UN ÉTERNEL RECOMMENCEMENT
UN ÉTERNEL RECOMMENCEMENT
Publié dans La Presse, le 14 janvier 2013 :
À la fin des années 60, quand Robert Charlebois a sorti sa fameuse chanson Lindberg, le refrain disait « Parti sur Quebecair, Transworld, Northeast, Eastern, Western, puis Pan American». Peu de gens réalisent que les lignes aériennes mentionnées, qui étaient parmi les plus populaires et les plus rentables à cette époque, sont toutes disparues aujourd’hui. Aucune d’elles n’a réussi à traverser l’épreuve du temps.
Et celles qui sont passées au travers, comme Air Canada, United, American et Delta, ont toutes été dans l’obligation de se restructurer pour éviter la faillite. Pourtant, tout cela est arrivé alors que l’industrie de l’aviation poursuivait sa croissance. Aujourd’hui, ce sont de nouveaux joueurs, dont WestJet et Porter au Canada, et JetBlue aux États-Unis, qui prennent le haut du pavé.
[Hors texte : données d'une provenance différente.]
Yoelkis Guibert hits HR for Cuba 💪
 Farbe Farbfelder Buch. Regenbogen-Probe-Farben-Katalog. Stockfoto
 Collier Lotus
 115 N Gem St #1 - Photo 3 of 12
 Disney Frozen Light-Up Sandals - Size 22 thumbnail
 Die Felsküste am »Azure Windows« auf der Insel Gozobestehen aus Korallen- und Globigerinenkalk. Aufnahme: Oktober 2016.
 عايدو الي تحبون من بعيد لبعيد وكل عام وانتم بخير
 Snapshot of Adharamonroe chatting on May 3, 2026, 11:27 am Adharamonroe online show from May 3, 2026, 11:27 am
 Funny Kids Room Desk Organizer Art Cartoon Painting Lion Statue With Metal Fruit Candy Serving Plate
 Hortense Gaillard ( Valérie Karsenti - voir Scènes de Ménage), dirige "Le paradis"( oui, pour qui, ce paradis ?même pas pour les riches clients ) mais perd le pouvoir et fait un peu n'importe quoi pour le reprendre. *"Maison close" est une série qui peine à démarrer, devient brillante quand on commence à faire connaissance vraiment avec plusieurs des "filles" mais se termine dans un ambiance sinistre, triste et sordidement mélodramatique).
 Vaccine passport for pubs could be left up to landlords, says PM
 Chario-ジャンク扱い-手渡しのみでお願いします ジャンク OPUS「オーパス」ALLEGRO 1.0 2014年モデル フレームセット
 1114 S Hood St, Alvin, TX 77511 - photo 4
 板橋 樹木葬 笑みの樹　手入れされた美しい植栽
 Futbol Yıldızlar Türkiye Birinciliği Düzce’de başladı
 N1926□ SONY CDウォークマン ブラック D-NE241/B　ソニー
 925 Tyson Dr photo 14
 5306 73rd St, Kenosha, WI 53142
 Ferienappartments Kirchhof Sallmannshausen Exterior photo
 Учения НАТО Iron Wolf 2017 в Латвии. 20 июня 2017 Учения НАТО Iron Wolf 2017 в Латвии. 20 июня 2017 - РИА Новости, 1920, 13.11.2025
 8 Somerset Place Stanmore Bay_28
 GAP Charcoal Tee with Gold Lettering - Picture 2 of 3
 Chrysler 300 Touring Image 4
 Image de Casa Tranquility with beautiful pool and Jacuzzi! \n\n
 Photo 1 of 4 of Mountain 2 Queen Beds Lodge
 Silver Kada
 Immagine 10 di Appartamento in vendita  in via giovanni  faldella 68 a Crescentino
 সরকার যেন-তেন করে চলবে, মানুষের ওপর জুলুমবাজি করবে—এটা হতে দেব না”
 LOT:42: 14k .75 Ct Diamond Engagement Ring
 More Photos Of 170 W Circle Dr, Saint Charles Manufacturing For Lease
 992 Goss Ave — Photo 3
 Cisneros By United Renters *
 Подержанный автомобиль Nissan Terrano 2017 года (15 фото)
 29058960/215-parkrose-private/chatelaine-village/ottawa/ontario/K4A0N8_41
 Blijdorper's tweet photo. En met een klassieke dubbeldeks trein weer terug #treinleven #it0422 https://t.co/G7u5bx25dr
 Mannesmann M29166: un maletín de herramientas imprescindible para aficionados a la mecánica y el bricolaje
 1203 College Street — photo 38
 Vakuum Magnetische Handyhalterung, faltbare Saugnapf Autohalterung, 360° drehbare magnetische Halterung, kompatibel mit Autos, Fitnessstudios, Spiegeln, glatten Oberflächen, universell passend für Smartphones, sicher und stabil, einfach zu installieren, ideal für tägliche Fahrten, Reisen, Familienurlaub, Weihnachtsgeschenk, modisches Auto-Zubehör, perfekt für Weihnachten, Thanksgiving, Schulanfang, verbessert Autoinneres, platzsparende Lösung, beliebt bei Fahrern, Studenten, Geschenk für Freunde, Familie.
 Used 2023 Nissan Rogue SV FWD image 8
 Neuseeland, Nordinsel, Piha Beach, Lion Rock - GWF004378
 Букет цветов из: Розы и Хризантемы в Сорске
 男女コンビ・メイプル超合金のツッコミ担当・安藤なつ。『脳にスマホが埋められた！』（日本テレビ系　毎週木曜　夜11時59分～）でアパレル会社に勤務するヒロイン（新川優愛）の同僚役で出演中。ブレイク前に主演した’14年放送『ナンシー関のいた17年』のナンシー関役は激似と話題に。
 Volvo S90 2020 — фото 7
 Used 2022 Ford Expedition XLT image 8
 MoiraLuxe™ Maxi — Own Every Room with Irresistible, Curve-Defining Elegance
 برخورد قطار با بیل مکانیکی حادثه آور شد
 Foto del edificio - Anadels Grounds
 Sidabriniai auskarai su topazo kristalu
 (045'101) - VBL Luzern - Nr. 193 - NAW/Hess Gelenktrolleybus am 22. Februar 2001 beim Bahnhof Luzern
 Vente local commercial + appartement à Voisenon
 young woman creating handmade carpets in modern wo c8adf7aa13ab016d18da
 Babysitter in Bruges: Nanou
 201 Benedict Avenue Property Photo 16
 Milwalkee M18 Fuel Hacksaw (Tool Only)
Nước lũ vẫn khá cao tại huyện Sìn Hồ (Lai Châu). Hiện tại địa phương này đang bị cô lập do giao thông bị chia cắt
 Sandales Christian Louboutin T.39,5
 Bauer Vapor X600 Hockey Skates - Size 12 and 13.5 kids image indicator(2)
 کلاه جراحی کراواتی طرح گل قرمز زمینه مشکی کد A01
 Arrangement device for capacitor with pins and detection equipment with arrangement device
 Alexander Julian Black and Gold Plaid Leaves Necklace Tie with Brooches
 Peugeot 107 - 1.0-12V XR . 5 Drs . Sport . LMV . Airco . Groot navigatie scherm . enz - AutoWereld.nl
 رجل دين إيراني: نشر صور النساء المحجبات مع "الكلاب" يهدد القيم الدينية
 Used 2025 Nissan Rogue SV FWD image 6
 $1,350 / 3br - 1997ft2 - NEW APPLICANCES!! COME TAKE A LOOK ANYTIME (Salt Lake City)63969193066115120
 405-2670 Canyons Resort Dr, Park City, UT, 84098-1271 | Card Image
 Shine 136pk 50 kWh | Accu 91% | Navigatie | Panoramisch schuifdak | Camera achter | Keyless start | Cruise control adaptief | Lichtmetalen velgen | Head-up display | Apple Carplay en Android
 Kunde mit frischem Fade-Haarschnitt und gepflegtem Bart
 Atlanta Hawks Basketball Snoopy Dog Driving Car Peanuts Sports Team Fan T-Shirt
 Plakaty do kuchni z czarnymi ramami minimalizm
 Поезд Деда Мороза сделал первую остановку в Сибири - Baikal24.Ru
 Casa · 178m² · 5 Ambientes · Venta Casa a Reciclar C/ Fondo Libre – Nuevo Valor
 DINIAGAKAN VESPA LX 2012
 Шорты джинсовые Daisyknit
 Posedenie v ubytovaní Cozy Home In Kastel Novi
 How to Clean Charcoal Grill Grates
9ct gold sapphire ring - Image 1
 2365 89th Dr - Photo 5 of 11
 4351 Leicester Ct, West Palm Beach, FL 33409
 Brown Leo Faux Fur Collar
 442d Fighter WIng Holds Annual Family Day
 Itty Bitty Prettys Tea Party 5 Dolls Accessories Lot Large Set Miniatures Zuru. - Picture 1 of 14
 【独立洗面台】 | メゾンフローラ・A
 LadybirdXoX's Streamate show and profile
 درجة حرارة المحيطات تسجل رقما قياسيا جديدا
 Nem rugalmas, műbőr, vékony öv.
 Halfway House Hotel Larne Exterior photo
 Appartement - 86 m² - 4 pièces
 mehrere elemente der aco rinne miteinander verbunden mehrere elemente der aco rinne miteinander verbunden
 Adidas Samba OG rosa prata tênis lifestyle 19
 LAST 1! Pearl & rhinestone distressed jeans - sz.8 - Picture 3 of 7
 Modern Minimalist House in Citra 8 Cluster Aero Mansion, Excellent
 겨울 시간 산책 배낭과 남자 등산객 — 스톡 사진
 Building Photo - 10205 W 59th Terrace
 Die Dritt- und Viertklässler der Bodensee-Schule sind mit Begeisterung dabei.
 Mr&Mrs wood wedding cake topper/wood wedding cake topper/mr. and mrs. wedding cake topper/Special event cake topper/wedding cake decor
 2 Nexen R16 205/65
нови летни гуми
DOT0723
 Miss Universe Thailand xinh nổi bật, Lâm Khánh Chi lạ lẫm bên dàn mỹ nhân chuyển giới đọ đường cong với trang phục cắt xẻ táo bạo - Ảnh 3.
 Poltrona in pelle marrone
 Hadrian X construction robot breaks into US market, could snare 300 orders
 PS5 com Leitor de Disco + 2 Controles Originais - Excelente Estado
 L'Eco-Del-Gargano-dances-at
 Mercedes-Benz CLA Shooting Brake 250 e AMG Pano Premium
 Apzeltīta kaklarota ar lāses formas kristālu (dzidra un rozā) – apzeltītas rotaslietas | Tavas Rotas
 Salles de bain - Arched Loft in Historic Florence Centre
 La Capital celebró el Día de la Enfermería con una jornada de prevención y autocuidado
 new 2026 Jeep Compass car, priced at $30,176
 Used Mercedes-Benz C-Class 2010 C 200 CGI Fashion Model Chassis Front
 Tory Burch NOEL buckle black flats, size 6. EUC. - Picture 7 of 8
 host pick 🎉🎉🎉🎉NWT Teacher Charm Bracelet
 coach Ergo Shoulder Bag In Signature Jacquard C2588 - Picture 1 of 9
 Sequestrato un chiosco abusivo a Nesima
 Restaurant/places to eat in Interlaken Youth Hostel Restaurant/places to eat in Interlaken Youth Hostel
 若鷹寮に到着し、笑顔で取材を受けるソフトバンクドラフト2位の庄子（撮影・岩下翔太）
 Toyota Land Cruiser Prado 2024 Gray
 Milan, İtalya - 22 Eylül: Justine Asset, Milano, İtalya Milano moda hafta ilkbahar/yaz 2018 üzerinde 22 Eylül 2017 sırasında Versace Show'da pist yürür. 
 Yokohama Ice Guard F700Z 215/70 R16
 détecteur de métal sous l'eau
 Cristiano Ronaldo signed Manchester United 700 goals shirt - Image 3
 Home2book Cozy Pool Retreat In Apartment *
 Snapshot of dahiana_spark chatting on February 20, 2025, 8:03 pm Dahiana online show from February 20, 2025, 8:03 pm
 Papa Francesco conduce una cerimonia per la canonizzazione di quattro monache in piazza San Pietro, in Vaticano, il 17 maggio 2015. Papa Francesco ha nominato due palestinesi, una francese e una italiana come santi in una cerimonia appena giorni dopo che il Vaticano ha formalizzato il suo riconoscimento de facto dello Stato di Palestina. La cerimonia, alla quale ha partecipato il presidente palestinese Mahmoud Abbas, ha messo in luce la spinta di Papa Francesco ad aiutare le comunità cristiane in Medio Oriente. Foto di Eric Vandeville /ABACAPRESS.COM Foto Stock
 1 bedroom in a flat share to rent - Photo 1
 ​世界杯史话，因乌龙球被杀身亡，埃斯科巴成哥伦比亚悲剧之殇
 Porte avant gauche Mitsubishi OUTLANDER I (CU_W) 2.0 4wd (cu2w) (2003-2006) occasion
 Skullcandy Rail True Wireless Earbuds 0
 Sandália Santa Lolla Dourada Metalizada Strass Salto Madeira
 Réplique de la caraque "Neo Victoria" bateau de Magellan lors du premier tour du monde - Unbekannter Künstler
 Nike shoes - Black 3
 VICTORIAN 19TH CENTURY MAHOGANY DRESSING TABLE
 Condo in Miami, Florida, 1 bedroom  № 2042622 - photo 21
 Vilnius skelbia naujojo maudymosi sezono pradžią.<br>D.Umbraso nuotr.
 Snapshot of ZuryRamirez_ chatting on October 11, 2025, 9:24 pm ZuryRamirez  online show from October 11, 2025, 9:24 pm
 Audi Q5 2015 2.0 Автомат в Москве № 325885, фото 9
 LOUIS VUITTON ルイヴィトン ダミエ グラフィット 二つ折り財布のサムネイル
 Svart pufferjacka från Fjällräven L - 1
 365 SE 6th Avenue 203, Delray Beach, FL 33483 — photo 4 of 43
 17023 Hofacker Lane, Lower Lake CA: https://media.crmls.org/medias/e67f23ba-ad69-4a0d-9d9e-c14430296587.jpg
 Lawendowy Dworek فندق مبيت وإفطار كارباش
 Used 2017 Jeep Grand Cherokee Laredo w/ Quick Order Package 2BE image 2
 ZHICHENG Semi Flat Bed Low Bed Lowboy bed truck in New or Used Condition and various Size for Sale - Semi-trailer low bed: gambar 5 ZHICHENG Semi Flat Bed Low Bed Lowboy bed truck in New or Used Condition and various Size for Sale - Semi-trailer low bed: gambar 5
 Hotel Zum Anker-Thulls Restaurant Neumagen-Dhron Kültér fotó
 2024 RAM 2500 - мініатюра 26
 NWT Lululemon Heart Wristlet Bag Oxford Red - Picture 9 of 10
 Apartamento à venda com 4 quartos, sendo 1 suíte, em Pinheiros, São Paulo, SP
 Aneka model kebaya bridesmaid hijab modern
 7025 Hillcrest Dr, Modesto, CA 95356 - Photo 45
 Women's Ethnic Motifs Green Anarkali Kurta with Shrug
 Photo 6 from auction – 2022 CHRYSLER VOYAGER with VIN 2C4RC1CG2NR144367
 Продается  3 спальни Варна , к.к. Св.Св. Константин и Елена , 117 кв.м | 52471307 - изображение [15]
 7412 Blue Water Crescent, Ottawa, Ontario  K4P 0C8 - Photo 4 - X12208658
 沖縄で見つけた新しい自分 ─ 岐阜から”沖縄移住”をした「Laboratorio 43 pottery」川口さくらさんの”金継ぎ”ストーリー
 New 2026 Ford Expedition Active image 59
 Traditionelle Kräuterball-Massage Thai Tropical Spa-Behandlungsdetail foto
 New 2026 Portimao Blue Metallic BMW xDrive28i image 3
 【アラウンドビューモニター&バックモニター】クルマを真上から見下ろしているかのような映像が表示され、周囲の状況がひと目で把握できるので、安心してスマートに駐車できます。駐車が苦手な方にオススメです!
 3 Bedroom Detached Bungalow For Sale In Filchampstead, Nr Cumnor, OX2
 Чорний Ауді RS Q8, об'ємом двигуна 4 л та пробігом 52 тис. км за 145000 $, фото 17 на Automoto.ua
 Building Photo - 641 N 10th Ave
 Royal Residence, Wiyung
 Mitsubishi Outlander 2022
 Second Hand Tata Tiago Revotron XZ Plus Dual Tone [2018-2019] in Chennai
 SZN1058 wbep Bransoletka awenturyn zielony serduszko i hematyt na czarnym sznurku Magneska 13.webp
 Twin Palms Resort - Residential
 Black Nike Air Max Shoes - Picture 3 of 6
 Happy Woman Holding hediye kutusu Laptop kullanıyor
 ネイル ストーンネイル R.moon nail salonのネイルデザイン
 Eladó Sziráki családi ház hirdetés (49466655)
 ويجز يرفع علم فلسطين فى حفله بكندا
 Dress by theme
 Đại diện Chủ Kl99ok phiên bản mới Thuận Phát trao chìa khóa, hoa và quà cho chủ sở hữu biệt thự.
Lorsque je suis arrivé sur le marché du travail au début des années 60, les grands détaillants du temps au Québec s’appelaient Dupuis Frères, Eaton, Simpson, Pascal, Steinberg et Dominion. Aucun d’entre eux n’a réussi à traverser l’épreuve du temps. Ils ne sont plus que des souvenirs dans l’esprit des gens.
Pourtant, le commerce de détail a connu une croissance vertigineuse au cours des 50 dernières années. Aujourd’hui, le marché est en bonne partie contrôlé par les Walmart, Costco, Target, Rona, Metro et Sobey’s. Pensons simplement au fait qu’en 1975, Walmart n’existait même pas et qu’aujourd’hui, elle est la plus importante entreprise de la planète.
Que s’est-il donc passé pour que les succès d’hier deviennent des échecs lamentables? Ces entreprises, incluant leurs dirigeants et leurs employés, ne se sont tout simplement jamais remises en question. Elles ont continué à opérer comme si l’instant présent était éternel, comme si personne d’autre ne pouvait ou ne devait venir les mettre en échec. Elles ont oublié l’essentiel, à savoir qu’en affaires, tout est un éternel recommencement, que quelqu’un d’autre viendra un jour bousculer leurs valeurs et leurs acquis. Et ne pas s’adapter signifie devenir un dinosaure appelé à disparaître.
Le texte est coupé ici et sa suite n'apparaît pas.